A drop of blood led to the arrest of a New York man who is suspected of killing his former in-laws more than 30 years ago.

Michael Anthony Louise, 79, was taken into custody Thursday at his home in Syracuse on an arrest warrant for two counts of second-degree murder.

Catherine and George Peacock
Catherine and George Peacock.Vermont State Police

He is accused of killing George Peacock, 76, and Catherine Peacock, 73, at their Danby, Vermont, home on Sept. 17, 1989, Vermont State Police announced in a news release. The couple had been stabbed multiple times. Their bodies were discovered by a neighbor, police said.

There were no signs of forced entry into the house and no important items had been removed, according to authorities. Louise, who was married to one of the Peacock’s daughters, had been identified as a potential suspect about two weeks after the killings but investigators could not “establish a conclusive link” tying him to the crime, the release states.

The killings went unsolved until, in May 2020, forensic testing “confirmed a DNA match to George Peacock in a spot of blood found inside Louise’s car in October 1989,” police said.

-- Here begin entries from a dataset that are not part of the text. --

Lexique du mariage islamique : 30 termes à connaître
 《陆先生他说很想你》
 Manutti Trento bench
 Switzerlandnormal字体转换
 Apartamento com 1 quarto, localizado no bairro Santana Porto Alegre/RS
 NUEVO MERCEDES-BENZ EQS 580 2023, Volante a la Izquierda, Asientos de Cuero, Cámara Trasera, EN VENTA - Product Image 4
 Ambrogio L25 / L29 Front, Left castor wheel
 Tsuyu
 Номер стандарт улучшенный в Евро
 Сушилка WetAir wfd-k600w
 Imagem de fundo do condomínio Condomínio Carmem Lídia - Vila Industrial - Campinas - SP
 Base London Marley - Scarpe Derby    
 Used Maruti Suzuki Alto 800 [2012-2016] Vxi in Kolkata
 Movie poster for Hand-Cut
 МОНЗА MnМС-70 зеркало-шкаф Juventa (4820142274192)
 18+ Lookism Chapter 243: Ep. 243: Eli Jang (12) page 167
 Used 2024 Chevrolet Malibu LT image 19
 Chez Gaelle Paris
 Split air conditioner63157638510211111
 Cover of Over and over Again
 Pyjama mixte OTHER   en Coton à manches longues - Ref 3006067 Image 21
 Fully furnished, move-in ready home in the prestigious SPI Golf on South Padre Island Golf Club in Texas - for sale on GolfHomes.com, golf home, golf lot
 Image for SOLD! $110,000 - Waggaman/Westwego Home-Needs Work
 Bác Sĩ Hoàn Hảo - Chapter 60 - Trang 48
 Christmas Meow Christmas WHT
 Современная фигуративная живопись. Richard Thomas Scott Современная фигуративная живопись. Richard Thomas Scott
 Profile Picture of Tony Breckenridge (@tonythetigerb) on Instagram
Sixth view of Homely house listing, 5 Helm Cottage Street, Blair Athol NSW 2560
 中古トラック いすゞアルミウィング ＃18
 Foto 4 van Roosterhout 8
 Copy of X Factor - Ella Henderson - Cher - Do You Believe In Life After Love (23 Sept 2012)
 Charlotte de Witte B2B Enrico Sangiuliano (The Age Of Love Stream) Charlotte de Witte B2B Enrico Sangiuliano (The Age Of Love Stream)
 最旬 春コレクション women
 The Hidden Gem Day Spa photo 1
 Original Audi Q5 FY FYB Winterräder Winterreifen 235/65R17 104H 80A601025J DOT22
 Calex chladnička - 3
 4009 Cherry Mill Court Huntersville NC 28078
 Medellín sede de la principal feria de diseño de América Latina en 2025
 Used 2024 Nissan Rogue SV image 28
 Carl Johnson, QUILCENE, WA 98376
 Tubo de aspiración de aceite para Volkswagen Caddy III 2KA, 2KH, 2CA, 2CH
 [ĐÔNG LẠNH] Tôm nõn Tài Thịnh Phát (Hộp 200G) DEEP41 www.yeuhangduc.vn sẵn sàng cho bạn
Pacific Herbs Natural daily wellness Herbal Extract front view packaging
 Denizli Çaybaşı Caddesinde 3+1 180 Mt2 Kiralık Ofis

“The blood sample had been tested previously during the investigation, as DNA testing technology was emerging, and that earlier test had been inconclusive,” police said in the release.

Louise is being held at the Onondaga County Justice Center until he is extradited to Vermont. It’s not clear if he has obtained an attorney.

Advancements in DNA testing have been used to help law enforcement solve a slew of cold cases. Last month, a Missouri inmate serving a life sentence for killing a man was linked to the deaths of four women who vanished in 1990 and 1991 after crime lab technicians found DNA from a small amount of viable evidence that had been collected.

The suspect, Gary Muehlberg, 73, was charged with four counts of first-degree murder in connection to the deaths of  Robyn Mihan, Brenda Pruitt, Donna Reitmeyer and Sandra Little.

In Pennsylvania, authorities were also able to crack the 1988 strangulation death of a mother after breakthrough genetic genealogy technology linked DNA from the victim’s clothing to a saliva-sealed anonymous letter that was written to a local newspaper about two years after the killing. The DNA matched a man named Scott Grim, however, he died in 2018 of natural causes at age 58.